Short web captions:

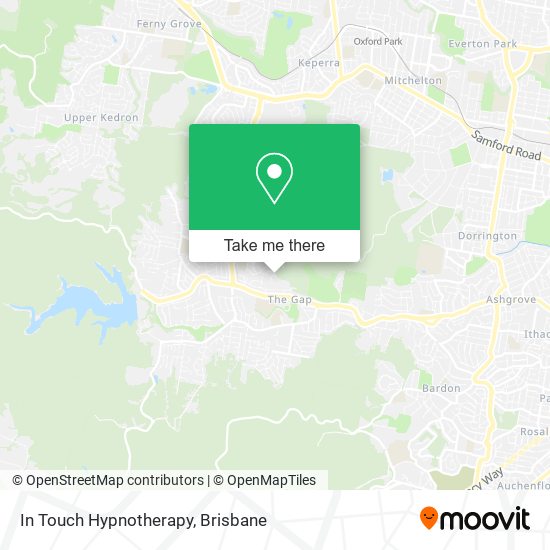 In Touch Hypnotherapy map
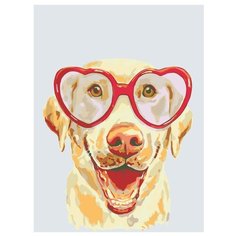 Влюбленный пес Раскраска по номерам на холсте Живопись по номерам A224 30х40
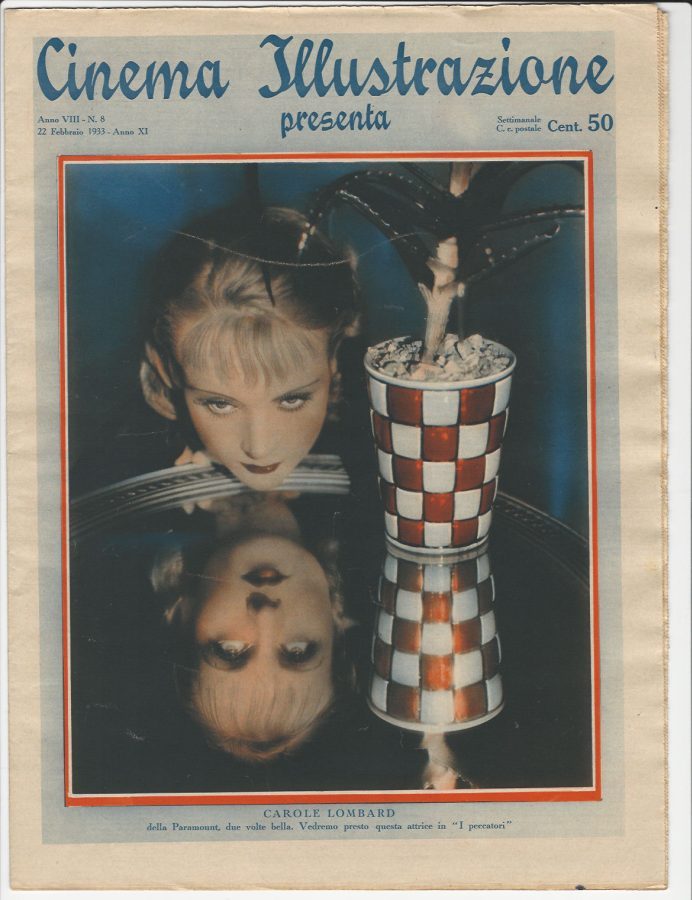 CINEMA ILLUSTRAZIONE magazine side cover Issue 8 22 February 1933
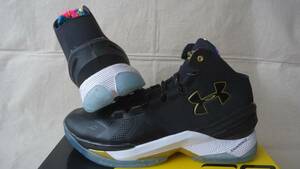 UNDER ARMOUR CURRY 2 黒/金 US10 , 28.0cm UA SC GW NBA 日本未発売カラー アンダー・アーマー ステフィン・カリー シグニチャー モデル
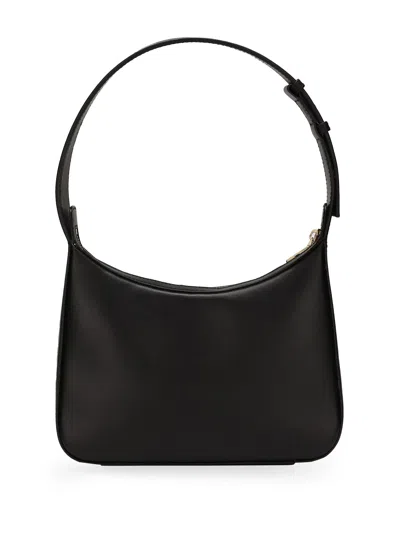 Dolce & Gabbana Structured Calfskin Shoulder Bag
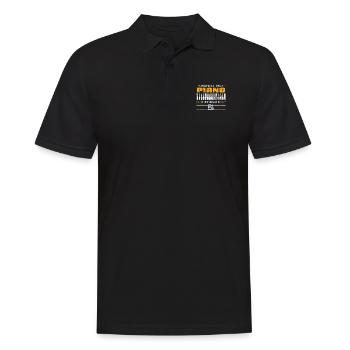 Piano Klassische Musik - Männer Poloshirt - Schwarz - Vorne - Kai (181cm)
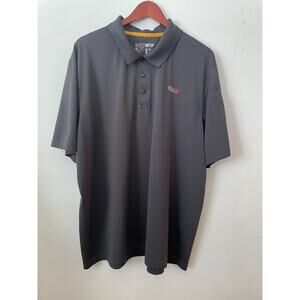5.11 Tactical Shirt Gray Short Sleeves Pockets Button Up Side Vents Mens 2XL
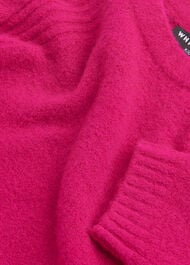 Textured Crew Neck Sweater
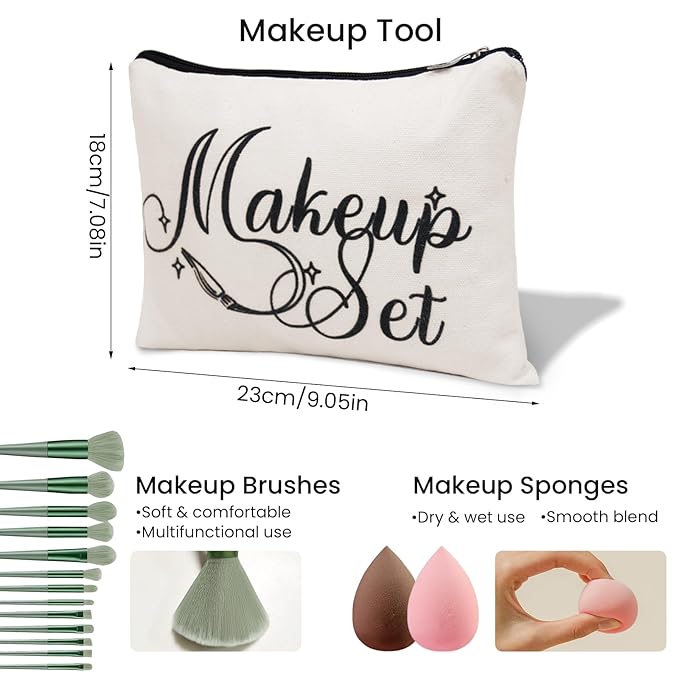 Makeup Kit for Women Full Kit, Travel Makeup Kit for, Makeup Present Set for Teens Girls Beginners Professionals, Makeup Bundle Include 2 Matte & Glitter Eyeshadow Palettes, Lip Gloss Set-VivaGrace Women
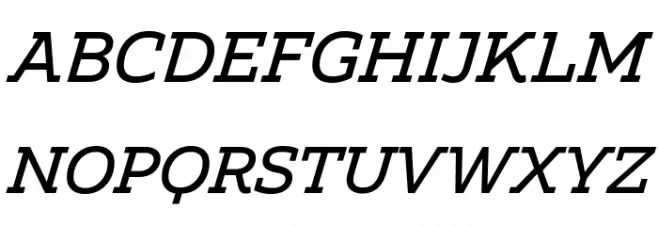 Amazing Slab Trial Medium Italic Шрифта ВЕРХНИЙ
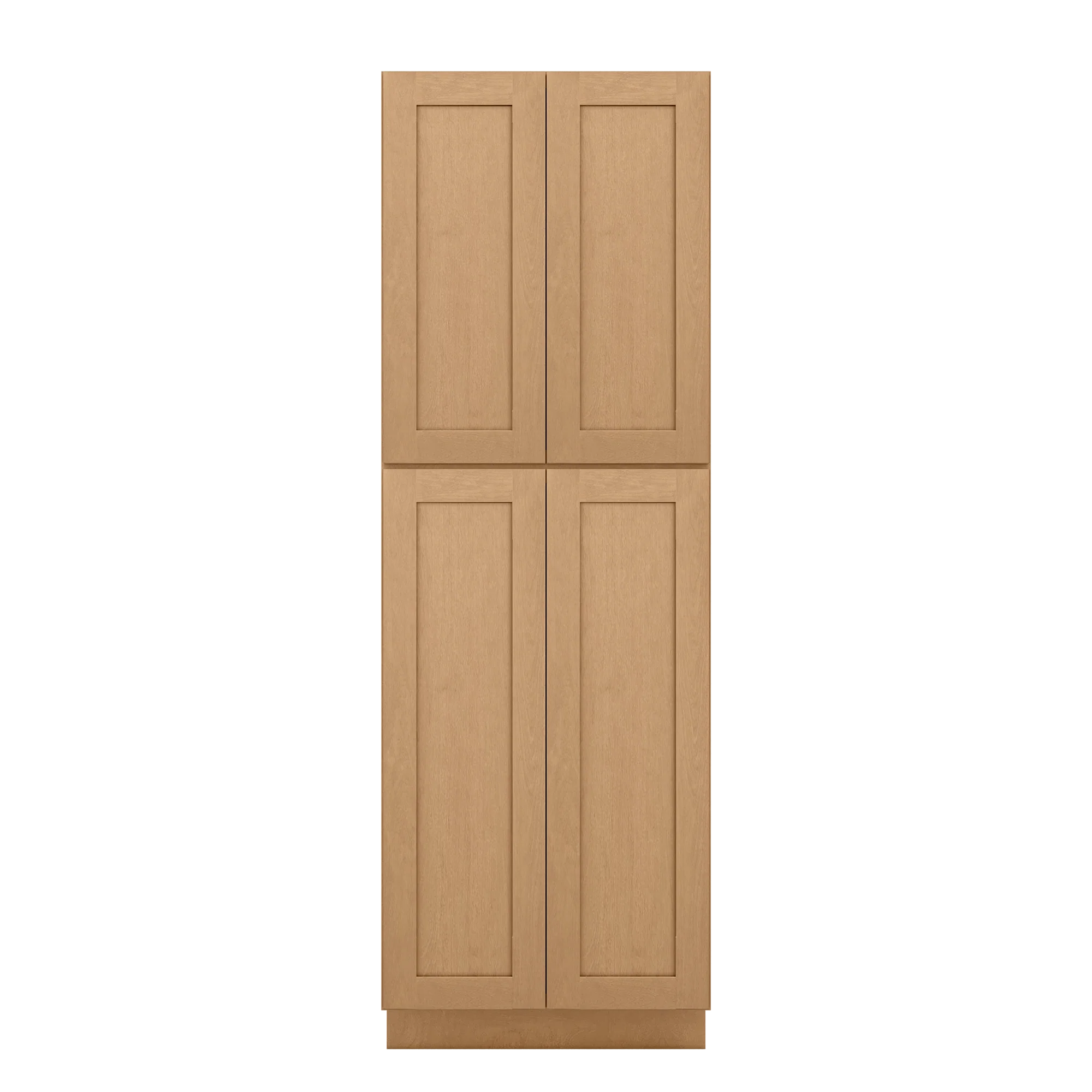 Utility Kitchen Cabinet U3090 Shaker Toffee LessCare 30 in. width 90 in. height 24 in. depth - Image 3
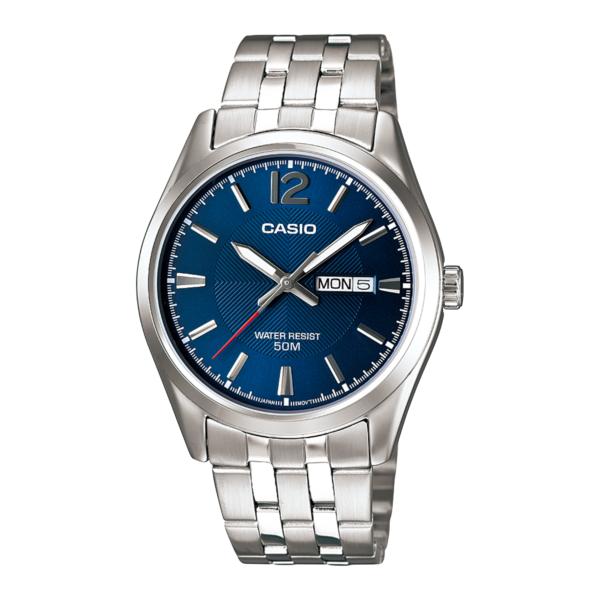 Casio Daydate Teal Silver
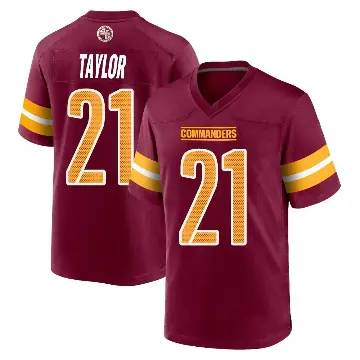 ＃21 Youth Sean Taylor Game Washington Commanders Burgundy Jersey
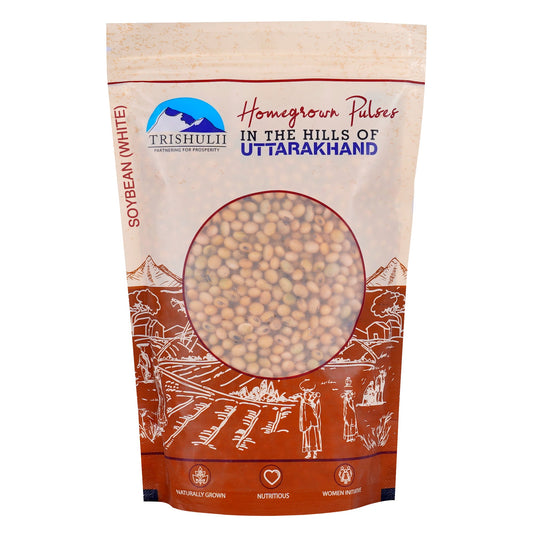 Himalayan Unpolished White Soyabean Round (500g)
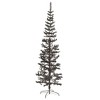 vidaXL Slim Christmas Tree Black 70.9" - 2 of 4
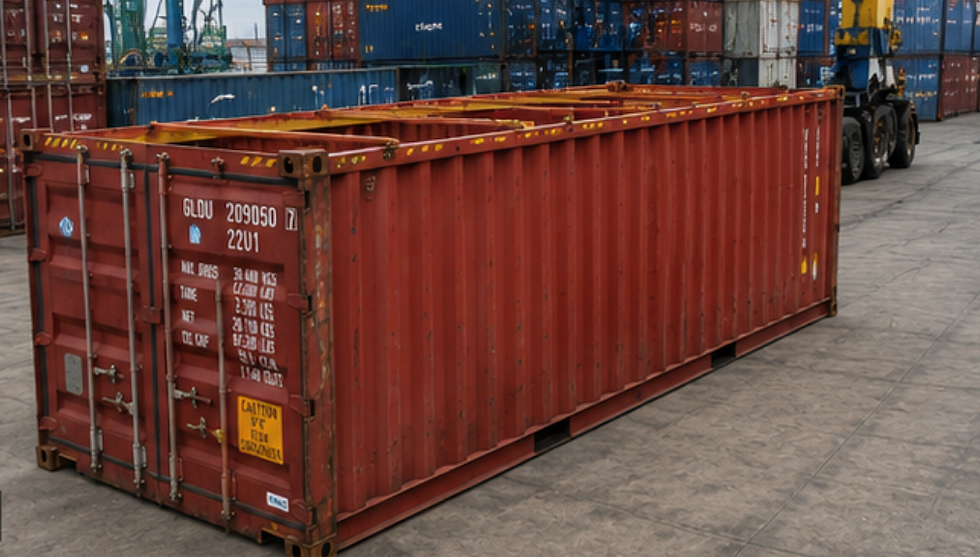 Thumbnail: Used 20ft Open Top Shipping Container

YOUR OBJECTIVE: An exact reprint of every record is required, with the pictures omitted.

SOLUTION:
 In Touch Hypnotherapy map
 Влюбленный пес Раскраска по номерам на холсте Живопись по номерам A224 30х40
 CINEMA ILLUSTRAZIONE magazine side cover Issue 8 22 February 1933
 UNDER ARMOUR CURRY 2 黒/金 US10 , 28.0cm UA SC GW NBA 日本未発売カラー アンダー・アーマー ステフィン・カリー シグニチャー モデル
 Dolce & Gabbana Structured Calfskin Shoulder Bag
 Piano Klassische Musik - Männer Poloshirt - Schwarz - Vorne - Kai (181cm)
5.11 Tactical Shirt Gray Short Sleeves Pockets Button Up Side Vents Mens 2XL
 Textured Crew Neck Sweater
 Makeup Kit for Women Full Kit, Travel Makeup Kit for, Makeup Present Set for Teens Girls Beginners Professionals, Makeup Bundle Include 2 Matte & Glitter Eyeshadow Palettes, Lip Gloss Set-VivaGrace Women
 Amazing Slab Trial Medium Italic Шрифта ВЕРХНИЙ
 Utility Kitchen Cabinet U3090 Shaker Toffee LessCare 30 in. width 90 in. height 24 in. depth - Image 3
 Casio Daydate Teal Silver
 ＃21 Youth Sean Taylor Game Washington Commanders Burgundy Jersey
 Himalayan Unpolished White Soyabean Round (500g)
 vidaXL Slim Christmas Tree Black 70.9" - 2 of 4
 Thumbnail: Used 20ft Open Top Shipping Container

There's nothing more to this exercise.